• TASK ITEM:
Write out every line exactly, from the first line of the records below through the line that contains "Floor-to-ceiling sliding glass".

• Records excerpted from a collection:

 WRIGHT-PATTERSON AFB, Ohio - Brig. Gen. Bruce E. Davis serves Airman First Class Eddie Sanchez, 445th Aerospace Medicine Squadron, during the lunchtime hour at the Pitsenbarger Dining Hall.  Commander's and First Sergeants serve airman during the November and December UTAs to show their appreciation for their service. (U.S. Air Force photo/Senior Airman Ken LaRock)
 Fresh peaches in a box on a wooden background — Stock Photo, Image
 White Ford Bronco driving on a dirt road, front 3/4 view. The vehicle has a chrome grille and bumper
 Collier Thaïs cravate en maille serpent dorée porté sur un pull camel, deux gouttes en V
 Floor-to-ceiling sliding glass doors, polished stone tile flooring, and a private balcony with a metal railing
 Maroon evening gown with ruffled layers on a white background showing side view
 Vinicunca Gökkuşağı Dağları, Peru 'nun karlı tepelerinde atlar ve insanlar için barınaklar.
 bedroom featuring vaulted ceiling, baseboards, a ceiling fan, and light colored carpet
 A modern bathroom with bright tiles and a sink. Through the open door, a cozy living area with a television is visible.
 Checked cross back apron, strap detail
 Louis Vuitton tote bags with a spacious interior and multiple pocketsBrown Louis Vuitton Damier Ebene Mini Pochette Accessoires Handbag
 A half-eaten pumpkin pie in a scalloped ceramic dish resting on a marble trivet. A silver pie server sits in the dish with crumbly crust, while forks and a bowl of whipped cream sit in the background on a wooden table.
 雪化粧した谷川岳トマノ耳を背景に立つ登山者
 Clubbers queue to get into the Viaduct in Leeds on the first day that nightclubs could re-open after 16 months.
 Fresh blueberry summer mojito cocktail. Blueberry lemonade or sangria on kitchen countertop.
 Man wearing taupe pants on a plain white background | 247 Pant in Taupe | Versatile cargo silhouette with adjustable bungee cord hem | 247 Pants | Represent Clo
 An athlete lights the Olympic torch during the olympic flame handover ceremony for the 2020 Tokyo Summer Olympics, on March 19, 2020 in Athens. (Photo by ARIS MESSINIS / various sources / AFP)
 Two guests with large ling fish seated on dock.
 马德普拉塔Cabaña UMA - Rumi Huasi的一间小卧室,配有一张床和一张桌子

• FINISHED EXERCISE:
 WRIGHT-PATTERSON AFB, Ohio - Brig. Gen. Bruce E. Davis serves Airman First Class Eddie Sanchez, 445th Aerospace Medicine Squadron, during the lunchtime hour at the Pitsenbarger Dining Hall.  Commander's and First Sergeants serve airman during the November and December UTAs to show their appreciation for their service. (U.S. Air Force photo/Senior Airman Ken LaRock)
 Fresh peaches in a box on a wooden background — Stock Photo, Image
 White Ford Bronco driving on a dirt road, front 3/4 view. The vehicle has a chrome grille and bumper
 Collier Thaïs cravate en maille serpent dorée porté sur un pull camel, deux gouttes en V
 Floor-to-ceiling sliding glass doors, polished stone tile flooring, and a private balcony with a metal railing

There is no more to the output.